Chance looked like he was mentally taking notes. I felt sick.
“You’re a fucking animal, Grimaldi,” Donte said.
Mikey looked to me. “You could’ve had that sweet Violet McNamara. Talk about a cherry ready to be—”
“Fuck off,” I said loudly, earning another death glare from the mom. I lowered my voice. “Don’t talk about Violet like that. She’s cool.”
“Then why’d you bail on her?” His eyes widened as a thought occurred to him. “You tap that ass and it was no good?”
“Dude,” Donte said with a short, embarrassed laugh.
“Or are you tapping her now?” Chance asked. “Is she the mystery chick?”
My skin heated and I struggled to keep my tone even. “There is no mystery. I’ve been concentrating on my college apps. Dad’s riding my ass about putting in for early acceptance.”
Chance snorted. “Like the Big Ten aren’t begging for you, Whitmore.”

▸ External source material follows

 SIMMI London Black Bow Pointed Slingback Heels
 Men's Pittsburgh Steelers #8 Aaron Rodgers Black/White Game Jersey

“They are,” I said, slipping on my King of the World mask. “We want to see who begs hardest.”
Christ, I was sick of my own bullshit, but the others laughed. Mercifully, the conversation moved on to the playoffs and who was going to the Super Bowl that year while I picked at the remnants of my food.
I imagined the looks on my friends’ faces if I told them it was Holden Parish who was making me hard under the table. How they’d laugh at me. At him. How they’d think I was joking. And when they learned I wasn’t—how they’d been sharing a locker room with me for years—they’d pick me apart like a pack of dogs. We had gay kids on campus, of course, but football was an entirely different game and it was too late for me to suddenly change the rules.
It’s impossible.
My gaze swung out to the restaurant. It was packed, every table filled with moms, dads, kids. I tried to imagine my life ten years from now. Working with Dad at the shop, restoring cars and taking my own family to dinner here. I tried to imagine what that family looked like and couldn’t do it. No wife, but no husband either. Just a blank space.